Literally every single indicator points to that: overly simplistic, linkbait-y
headlines, complete lack of technical examples, no technical anecdotes, overly
long articles.

We all go through the "all other software sucks, it's too complex" phase. The
difference is how you handle the realization, and how you let that taste
influence your own programming. Some software is necessarily complex.

------
joshdance
Anyone else notice this?

> and AngularJS has only been around for a few years, while jQuery, almost a
> couple of decades.

jQuery was released in 2006. Unless my math fails me, that is less than a
couple of decades.

Opinion is valid and he wrote an article, which is more than most have done,
but some factual discrepancies. The whole # of google results factoid is off
as well -
[http://www.google.com/trends/explore#q=angular%20sucks%2C%20...](http://www.google.com/trends/explore#q=angular%20sucks%2C%20jquery%20sucks&cmpt=q)

------
asattarmd
I fail to understand what makes AngularJS difficult. I believe AngularJS is a
very intuitive framework.

When you write in AngularJS, you forget the nitty-gritty DOM manipulation, you
just care about your data. AngularJS changes DOM for you. A Controller holds
the data. AngularJS keeps the view updated with the data in the controller.
You need to fetch data from somewhere such as REST API? Just ask for it,
AngularJS gives you $resource. Just like that. No initialization, handling
dependencies. Feeling there's code bloat in your controller? Extract a service
and AngularJS will make it singleton for you and pass it whenever you need!
Need to filter data before displaying it? Write a filter! Directives are bit
difficult, I understand, but all the rest of stuff is easy and very intuitive.
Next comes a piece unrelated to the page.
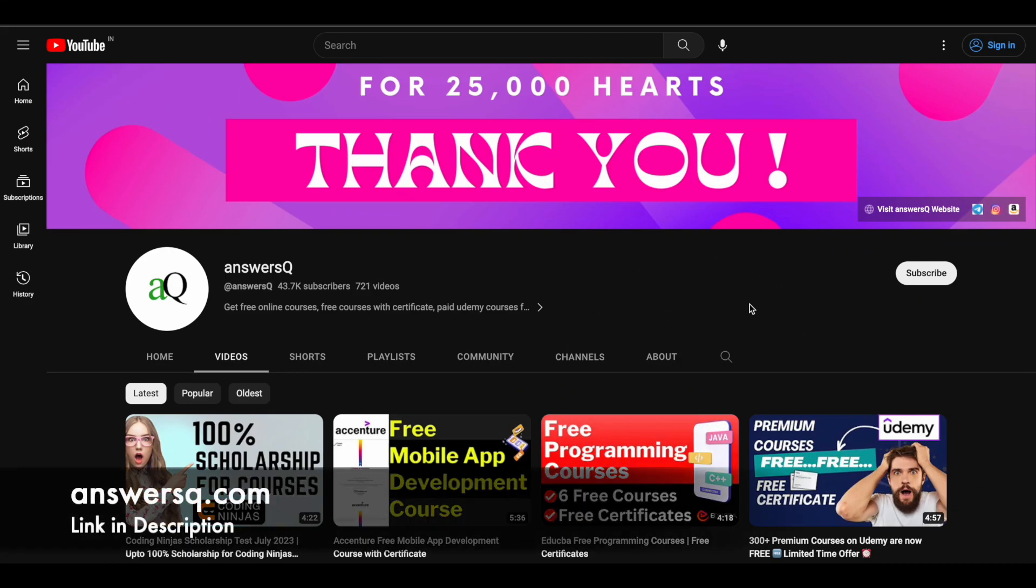Hi buddy, welcome back to AnswersQ. In this video we'll see some free guided project type courses that are offered by Coursera.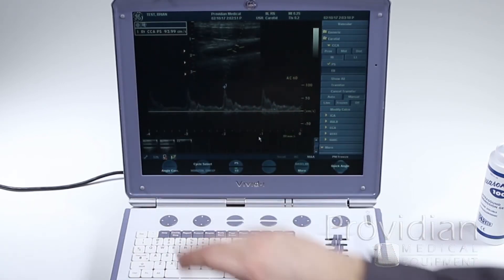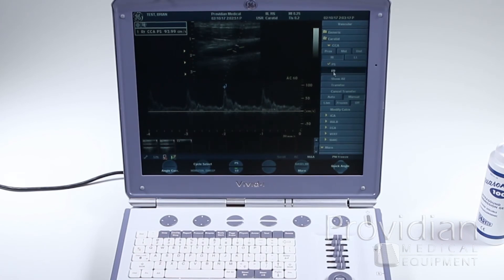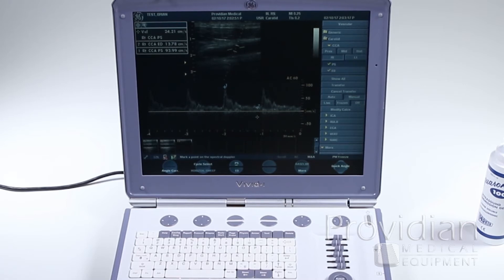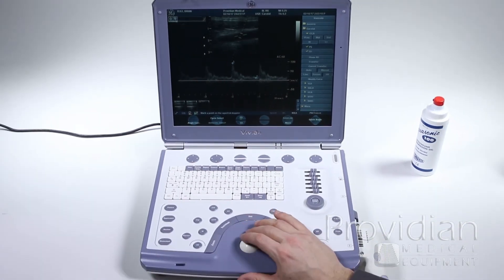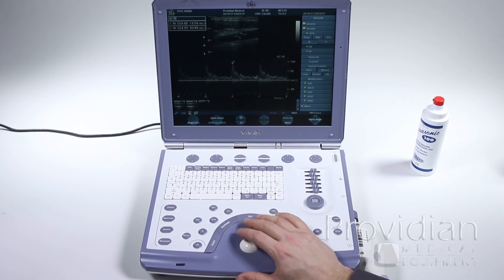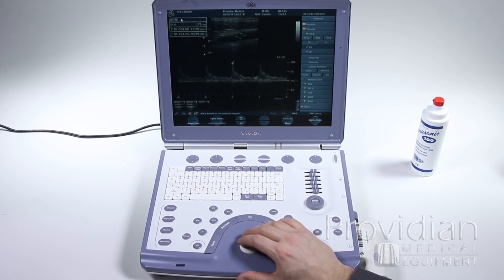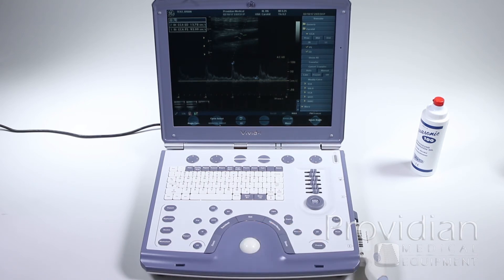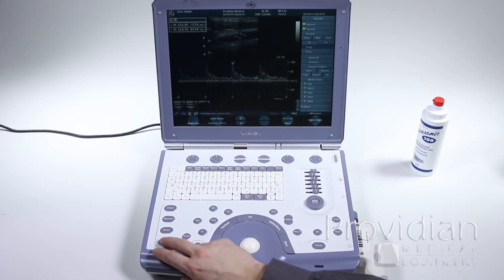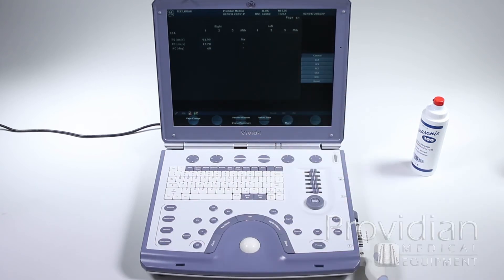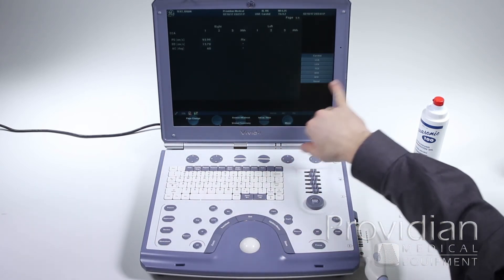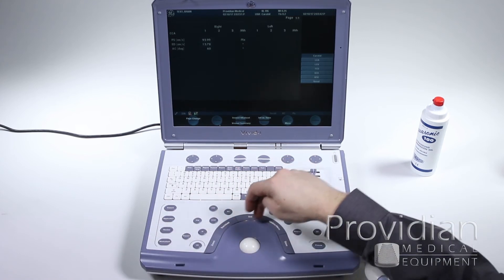Go ahead and choose end diastolic. Now you have the two points. You can move and hide the box, click set, and move the results box around the screen. Then you have your results there. If you unfreeze, it'll show up on the worksheet — right there showing my right CCA exactly how I assigned it.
Microsoft folks have been writing MVVM apps in WPF and Silverlight for nearly
a decade now, writing their own DelegateCommand, using an IoC container, using
an ORM and plugging all these things together. AngularJS gives you all of
these as one framework! (considering $resource as the ORM). AngularJS got SPA
right and IMO, is _the_ way to build apps. I don't think it'll fail.

------
crucialfelix
Its an advanced framework for building larger scale sites. I've found that it
scales well and my projects can be successfully transferred to other
developers and they can jump right in.

Angular 2.0 addresses many of my complaints. I have a few legitimate ones.

Dependency Injection is being made simpler and I hope less fragile. If
something goes wrong in the minimization phase you can easily get the dreaded
module not found and your whole app/site is broken. But it makes testing clear
and precise and its improved the quality of design of my sites and apps.

Simplify the directive API. Yep, its weird. Its fun when it works though. The
ideas of directives will live on in other frameworks regardless. So Angular
can't fail, it has already succeeded. Even if it dissolves into web components
in the future.

When the animation system gets fully solved then I think angular apps will
look/behave so cool that complainers will be compelled to learn it.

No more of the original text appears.